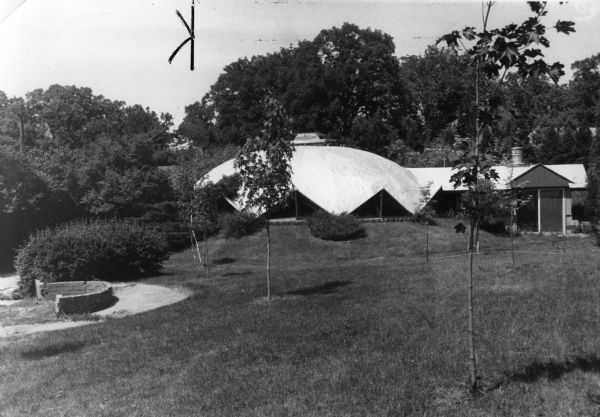 Exterior view of the Sunflower House at 5126 Tomahawk Trail, was designed and built by its first occupant, architect James Dresser in 1952. With a unique domed roof resembling a sunflower, the 40-foot diameter domed home is built of concrete over quonset ribs lined inside with redwood paneling. The lawn sloping towards the windows hides the sidewalls and affords added insulation. The dome is divided into three bedrooms, a bath, living room, and a 10-foot diameter kitchen below a central skylight.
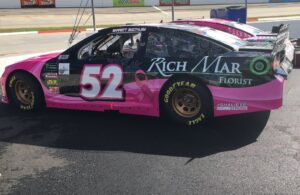 The infamous "black & pink" Rich Mar Florist paint scheme on Garrett Smithley's No. 52 at Martinsville Speedway, 2019. (Image provided by Jonathan Morrissey.)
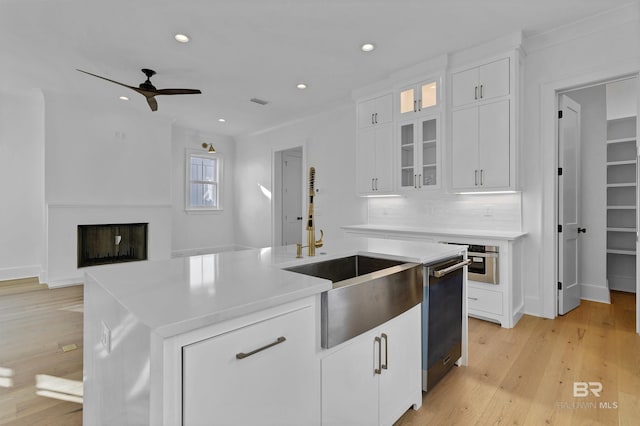 309-C S School St, Fairhope, AL 36532 - kitchen with dishwasher, ceiling fan, a sink, light countertops, and a kitchen island with sink
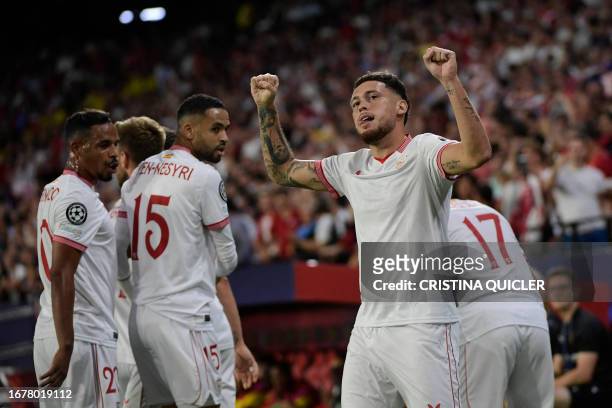 Sevilla's Argentinian forward Lucas Ocampos celebrates scoring his team's first goal during the UEFA Champions League 1st round day 1 group B...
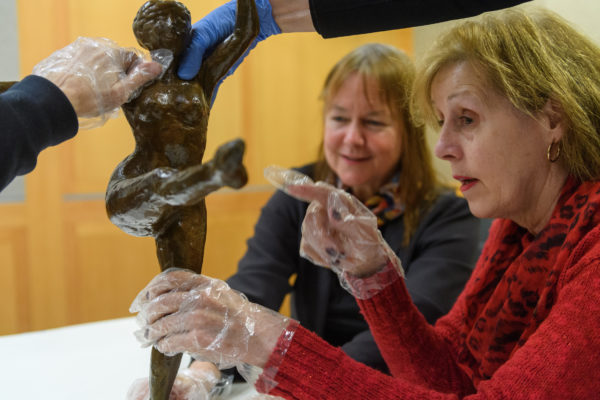 three visitors feel a bronze sculpture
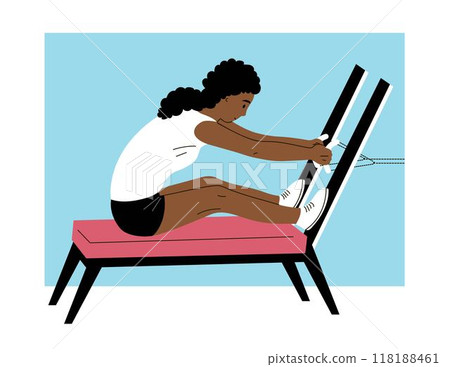 Young woman doing exercises on a sports simulator 118188461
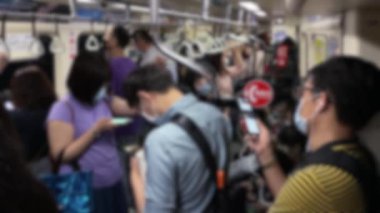 Koronavirüs sırasında Asyalıların bulanık görüşü trende bekliyor ve önlem olarak yüz maskesi takıyor. Akıllı telefonu kontrol eden kişi, Tayvan 'daki istasyona varmayı beklerken...
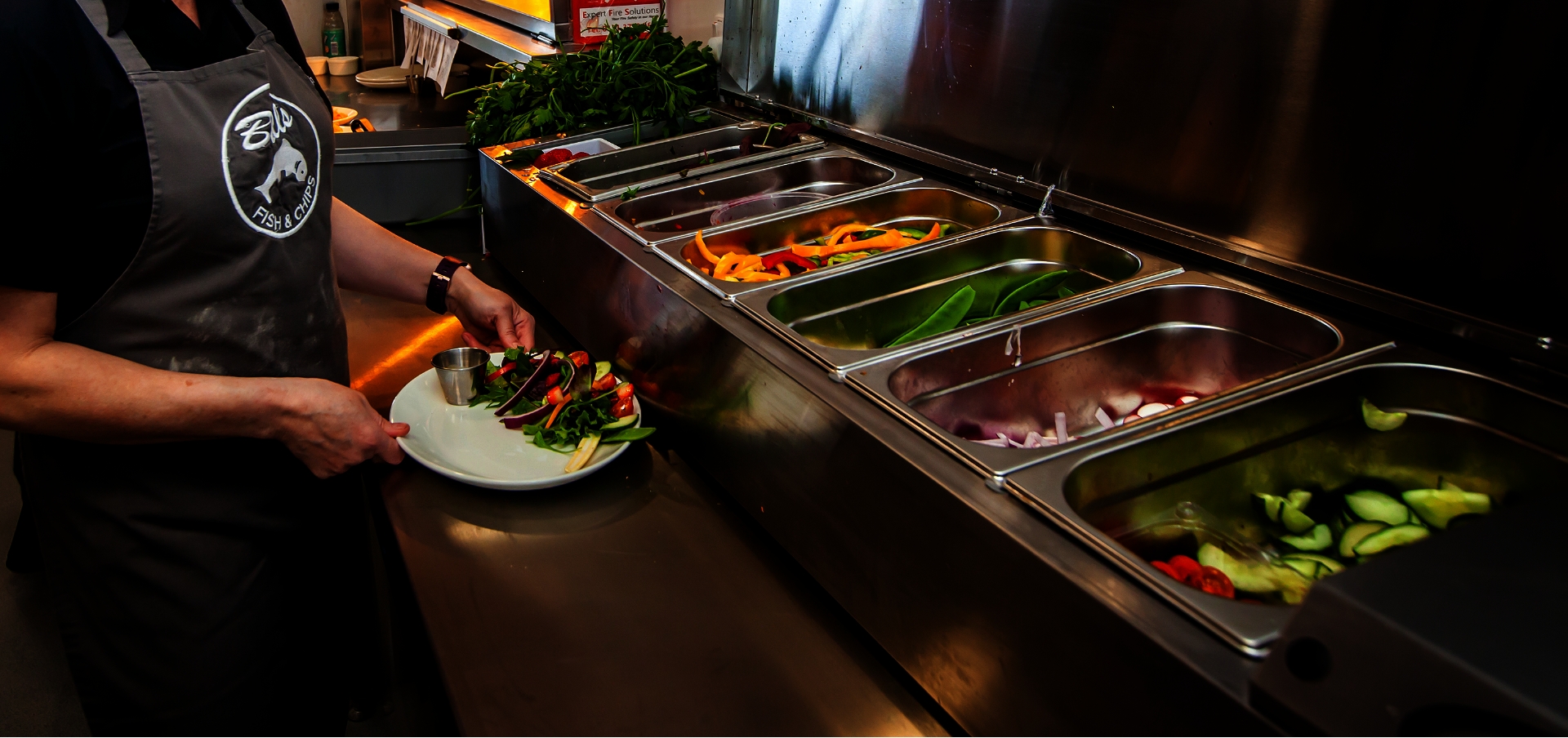 Image of deli and cold food being served from a Florigo food counter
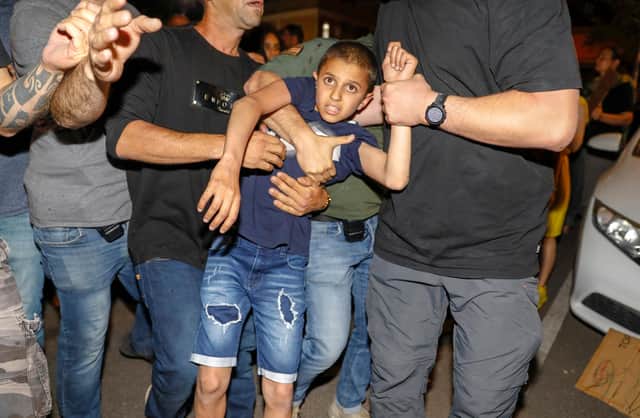 Israeli police detain a boy as Israeli Arabs and left-wing Israelis protest against the purchase of houses in Jaffa, near Tel Aviv by a Jewish religious institution (Picture: Ahmad Gharabli/AFP via Getty Images)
= = = =
*ACTIVITY*: Any picture in the listing above gets left out; output the rest exactly.

*OUTPUT FOR THIS TASK*:
 Exterior view of the Sunflower House at 5126 Tomahawk Trail, was designed and built by its first occupant, architect James Dresser in 1952. With a unique domed roof resembling a sunflower, the 40-foot diameter domed home is built of concrete over quonset ribs lined inside with redwood paneling. The lawn sloping towards the windows hides the sidewalls and affords added insulation. The dome is divided into three bedrooms, a bath, living room, and a 10-foot diameter kitchen below a central skylight.
 The infamous "black & pink" Rich Mar Florist paint scheme on Garrett Smithley's No. 52 at Martinsville Speedway, 2019. (Image provided by Jonathan Morrissey.)
 309-C S School St, Fairhope, AL 36532 - kitchen with dishwasher, ceiling fan, a sink, light countertops, and a kitchen island with sink
 Sevilla's Argentinian forward Lucas Ocampos celebrates scoring his team's first goal during the UEFA Champions League 1st round day 1 group B...
 three visitors feel a bronze sculpture
 Young woman doing exercises on a sports simulator 118188461
 Koronavirüs sırasında Asyalıların bulanık görüşü trende bekliyor ve önlem olarak yüz maskesi takıyor. Akıllı telefonu kontrol eden kişi, Tayvan 'daki istasyona varmayı beklerken...
 Image of deli and cold food being served from a Florigo food counter
 Israeli police detain a boy as Israeli Arabs and left-wing Israelis protest against the purchase of houses in Jaffa, near Tel Aviv by a Jewish religious institution (Picture: Ahmad Gharabli/AFP via Getty Images)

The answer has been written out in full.